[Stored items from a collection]
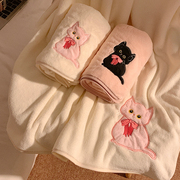 可爱猫咪浴巾女吸水速干家用洗澡裹巾三件套2024非纯棉毛巾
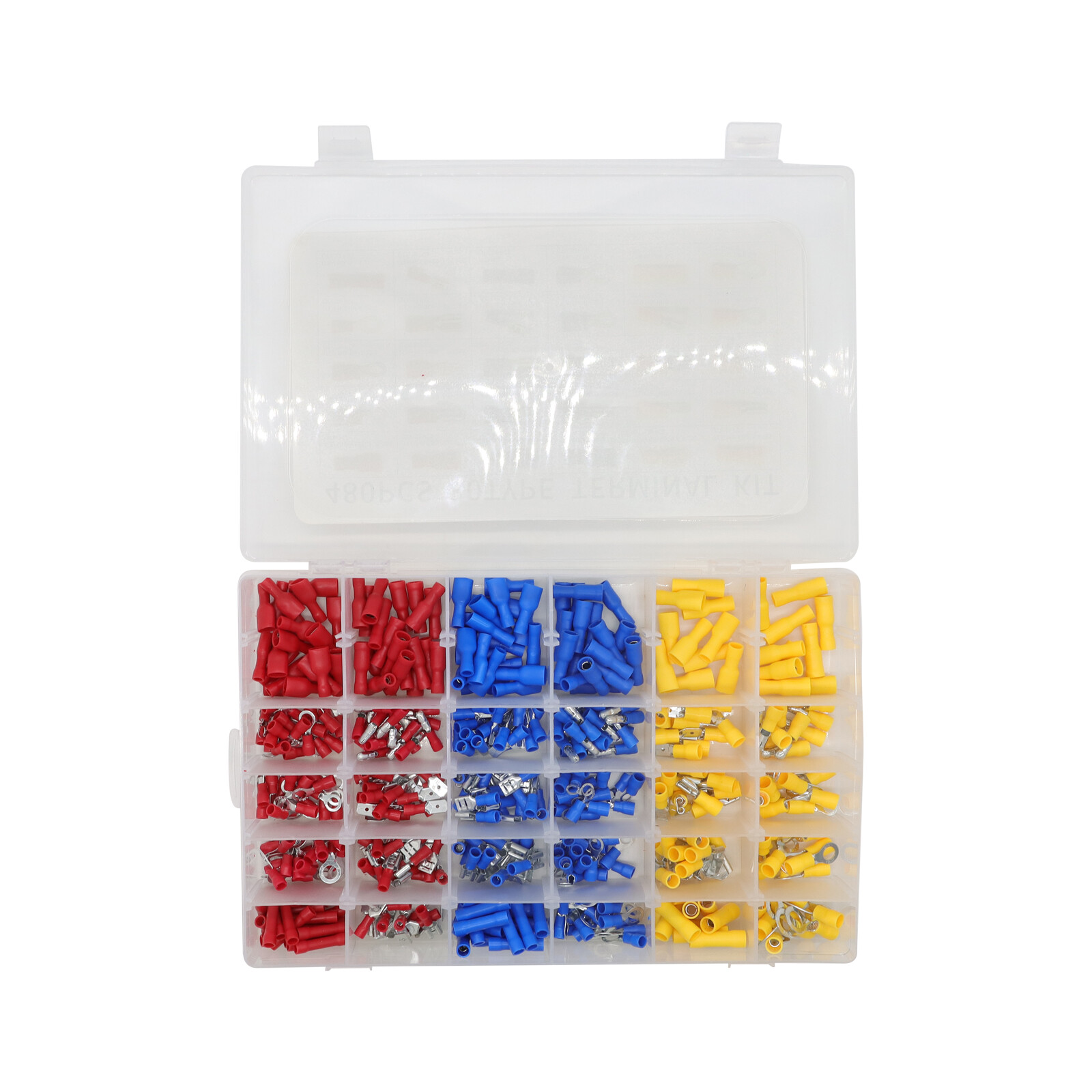 480pcs Electrical Wire Connector Assorted Insulated Crimp Terminal Spade Set Kit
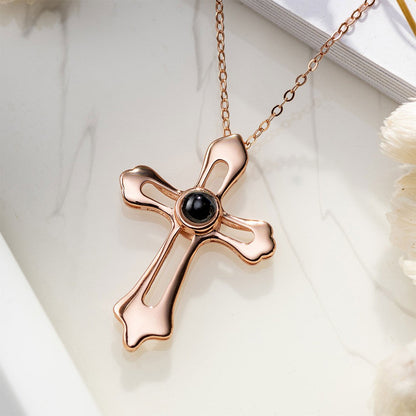 Custom Cross Photo Necklace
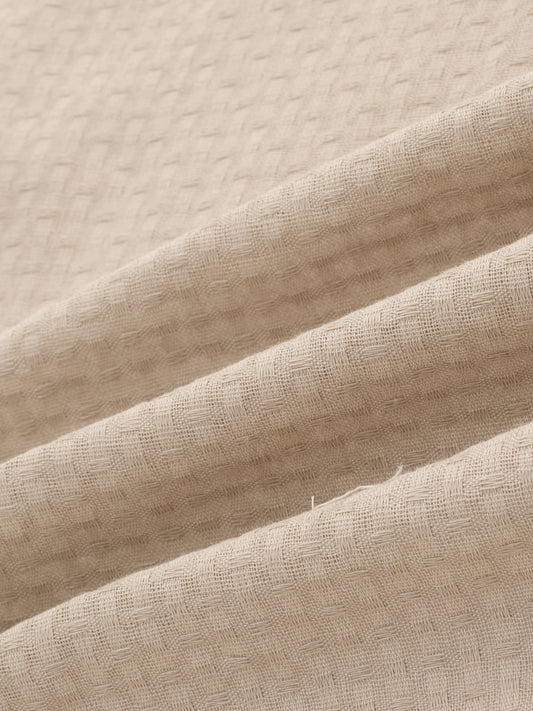 Fawn Beige Jacquard Weave Oversized Shirt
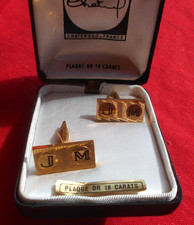 Boutons de Manchette Initiales J M en Plaqué Or - Chatenoud - France   !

Work item: Your copy must match the records above exactly, apart from the pictures, which are excluded.

Answer box:
 可爱猫咪浴巾女吸水速干家用洗澡裹巾三件套2024非纯棉毛巾
 480pcs Electrical Wire Connector Assorted Insulated Crimp Terminal Spade Set Kit
 Custom Cross Photo Necklace
 Fawn Beige Jacquard Weave Oversized Shirt
 Boutons de Manchette Initiales J M en Plaqué Or - Chatenoud - France   !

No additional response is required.